= Will Cozens =

British radio presenter and DJ

Will Cozens is a British radio presenter and DJ formerly employed by Global Radio as a presenter on Capital & Capital London

Cozens was spotted by the Bauer Radio owned Kiss 100, after featuring on Channel 4's Soundclash, originally he presented weekends and early breakfast and later also evenings on Kiss 101 and Kiss 105-108. He has interviewed Chipmunk, Chris Brown, Estelle, Tinie Tempah and more at Kiss 100.

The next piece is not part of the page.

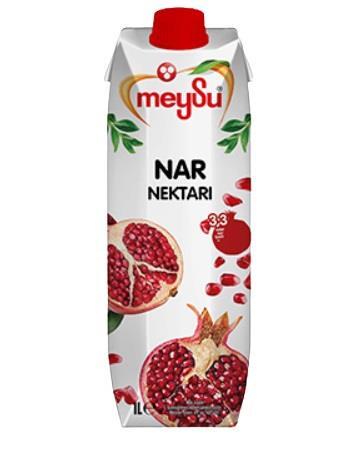 Meysu Nar Nektar Meyve Suyu 1 Lt - 1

He joined Global Radio on 3 January 2011 as a presenter on Capital. Cozens has hosted a number of shows on Capital FM including the late show, overnights, early breakfast, Saturday nights, Saturday drivetime, weekend afternoons, weekend early breakfast and Capital London weekend breakfast. Between 21 November and 30 December 2011, he covered the Capital London drivetime show from 4 pm to 7 pm. During his time at Capital, he has also previously covered the evening show, afternoons and mid mornings. Cozens most recently presented weekends 5 am-9 am. He left the radio station in April 2022 after a new schedule was announced.

He was a pundit in the BBC Sound of 2010 and Sound of 2011 poll.

Cozens is also an electronic music DJ.

He obtained a Law Degree at University making sure he specialised in entertainment law, specifically including defamation, slander, libel and even Ofcom.